This article was published as a part of the Data Science Blogathon.
Before seeing the practical implementation of the use case, let’s briefly introduce Azure Data Lake Storage Gen2 and the Paramiko module.
Azure Data Lake Storage Gen2 is a data storage solution specially designed for big data analytics. It combines the best of Azure Data Lake Gen1 and Azure Blob Storage. As Azure Data Lake Storage Gen2 build on top of Azure Blob Storage, it is cost-effective and has high availability and disaster recovery. Data Lake Gen2 allows the management of a vast amount of data. It supports petabytes of information.
With the use of Azure Data Lake Storage, we can store trillions of files. In this blog, I will discuss how to write a Python script that will download audio files from the remote server to the local path and then upload the audio files to Azure Data Lake Storage in a directory with today’s date.

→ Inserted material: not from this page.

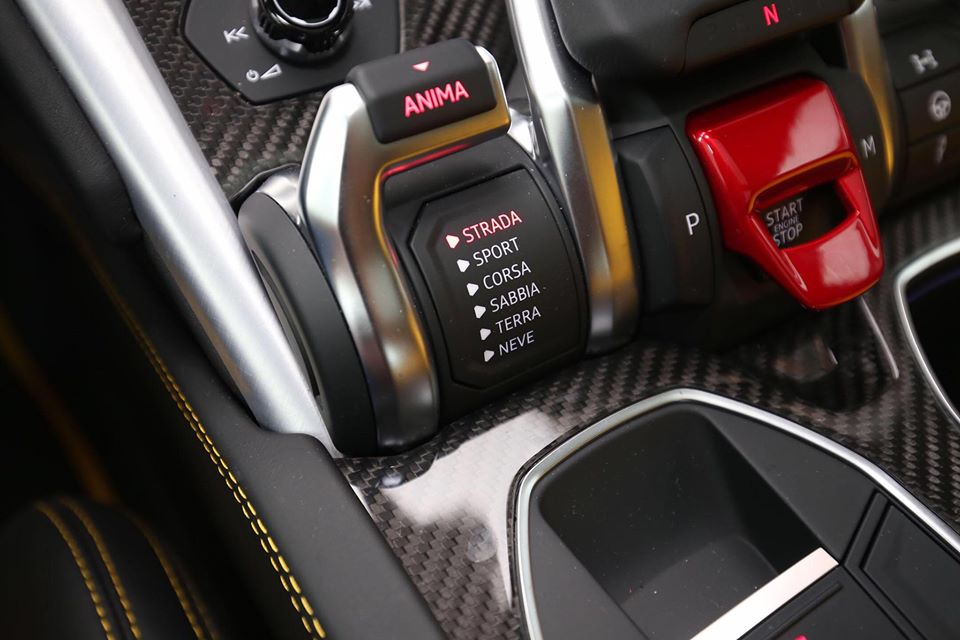 Hãng siêu xe Lamborghini trang bị đến 6 chế độ lái cho siêu SUV Urus và gọi là Anima. Ngoài 3 chế độ lái quen thuộc trên các siêu xe như Strada (đường phố), Sport (thể thao), Corsa (đường đua), siêu SUV Urus còn có thêm 3 chế độ lái khác là Sabbia (đường cát), Terra (việt dã) và Neve (tuyết). Hãng siêu xe Lamborghini trang bị đến 6 chế độ lái cho siêu SUV Urus và gọi là Anima. Ngoài 3 chế độ lái quen thuộc trên các siêu xe như Strada (đường phố), Sport (thể thao), Corsa (đường đua), siêu SUV Urus còn có thêm 3 chế độ lái khác là Sabbia (đường cát), Terra (việt dã) và Neve (tuyết).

Prerequisite: You should have a basic understanding of python and an azure subscription. If you don’t have a subscription, click here to learn more about it.
Libraries Used: Azure Data Lake Storage, Paramiko
Paramiko is a Python library that connects to a remote device via SSH. To establish a secure connection between two devices, Paramiko employs SSH2 as a replacement for SSL. It also supports both the client and server models of SFTP.

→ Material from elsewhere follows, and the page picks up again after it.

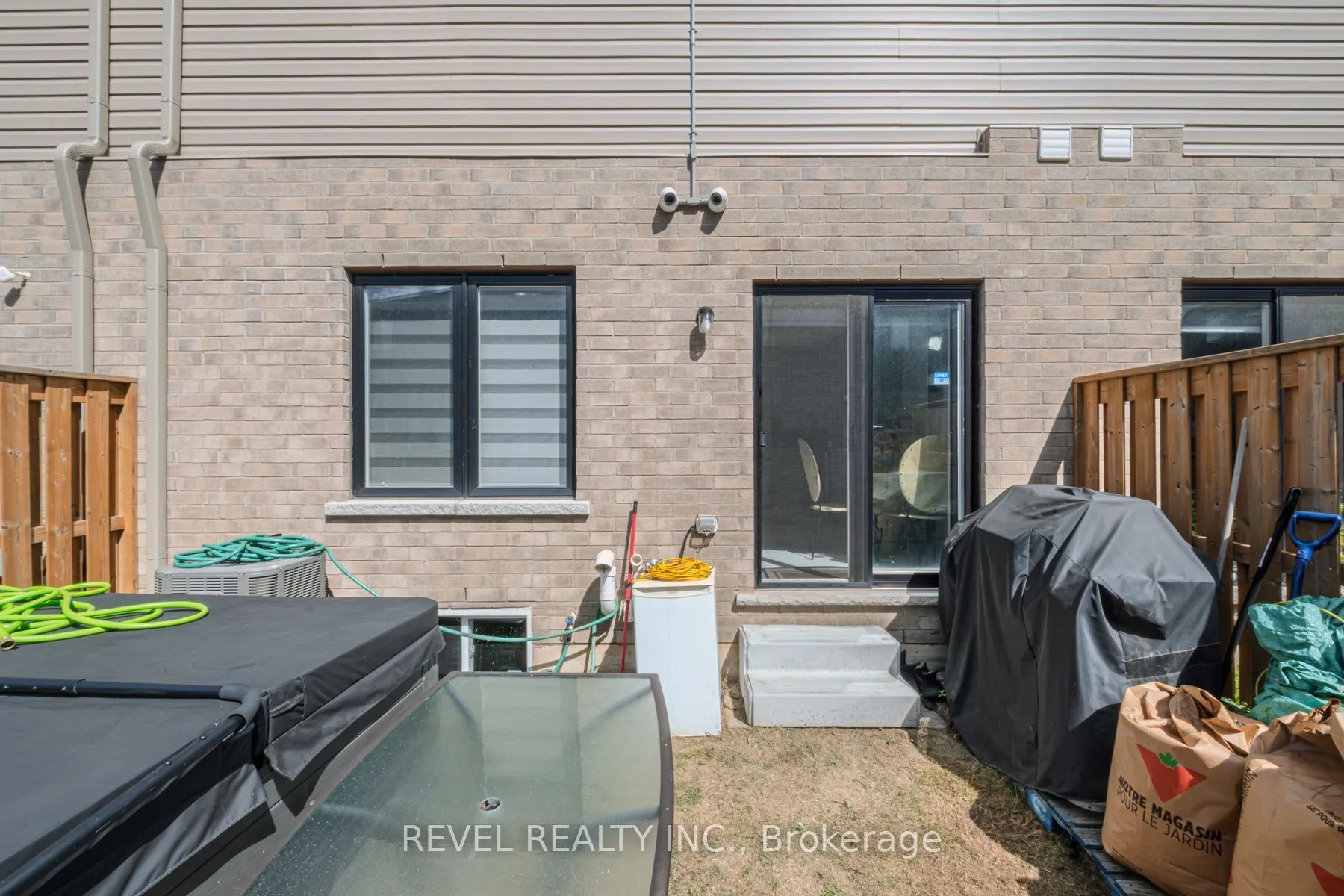 520 Grey Street, #11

SSH or Secure Shell is a protocol used for making a secure remote connection. SSH access the remote server to run commands and to download and upload files. We can transfer files from a remote server to the local and vice versa using SFTP(Secure File Transfer Protocol).
Step 1: Install the Paramiko library using pip.
pip install paramiko
Step 2: Establish a Connection with a remote server.
import paramiko ssh = paramiko.SSHClient() ssh.connect(hostname=host, username=username, password=password)
When we try to run the above code, we will get an exception saying missing_host_key raise SSHException) paramiko.ssh_exception.SSHException To overcome this exception, use set_missing_host_key_policy(policy). By default, paramiko.SSHClient has RejectPolicy. So we will use AutoAddPolicy, which will automatically add a new host key to the local HostKeys object.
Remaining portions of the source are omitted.